There was a time when Richard Addiscott scoffed at the idea of working in higher education: “My perception was that it was somewhere to go in the twilight of your career. And that tweed jackets with elbow patches and corduroy pants were the order of the day.”
The stereotypes quickly faded when Addiscott arrived at Curtin University in Perth at the beginning of last year, working as director of IT planning, governance and security.
“It reset my thinking,” the former BAE Systems information security consultant told a Gartner Security and Risk Management summit in Sydney. “It’s one of the most forward thinking, dynamic and complex environments a security professional can work in. And that’s only been amplified since joining. It’s far more competitive than I could have imagined.”
Last year, Western Australia’s largest university identified a shadow IT problem caused by a lack of trust between the IT department and the fast-moving innovative business units. Addiscott described it as a ‘trust chasm’. But there’s now a plan to fill the gap.
“On the one side we’ve got the business who doesn’t trust us because they think we don’t understand their business; we’re too slow and don’t respond on time; we don’t have the skills needed to support the digital capabilities they want; the tools that IT provides aren’t fit for purpose anymore,” Addiscott said.
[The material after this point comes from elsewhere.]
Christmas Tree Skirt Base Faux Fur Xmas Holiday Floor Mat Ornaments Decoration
“Curtin IT services don’t trust the business because when we ask them they don’t know what they want; they’re moving too fast for us to respond. And they don’t understand how hard IT is. In that divide between the two you get shadow IT.”
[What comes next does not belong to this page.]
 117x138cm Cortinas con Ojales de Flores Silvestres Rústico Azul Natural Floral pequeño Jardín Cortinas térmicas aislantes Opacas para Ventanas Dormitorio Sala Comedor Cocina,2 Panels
Addiscott, one time advisor to the first National Security Chief Information Officer within the Department of the Prime Minister and Cabinet, explained that his team was left with a choice.
One was to ‘butt heads’ or ‘go cage match’ with business units. Another was to “try and throw more red tape at them and hit them up with more bureaucracy”, he said. “None of those things are going to help us win friends.”
An organisational restructure of IT in winter last year, gave Addiscott and the wider team a chance to hit reset on information security at the university. Fundamentally, he said, it was a choice between being the ‘compliance police’ or a ‘change agent’.
“Rather than fight and expend energy and reduce even further the political goodwill across the university – what we tried to do is reframe the way we look at shadow IT,” he said.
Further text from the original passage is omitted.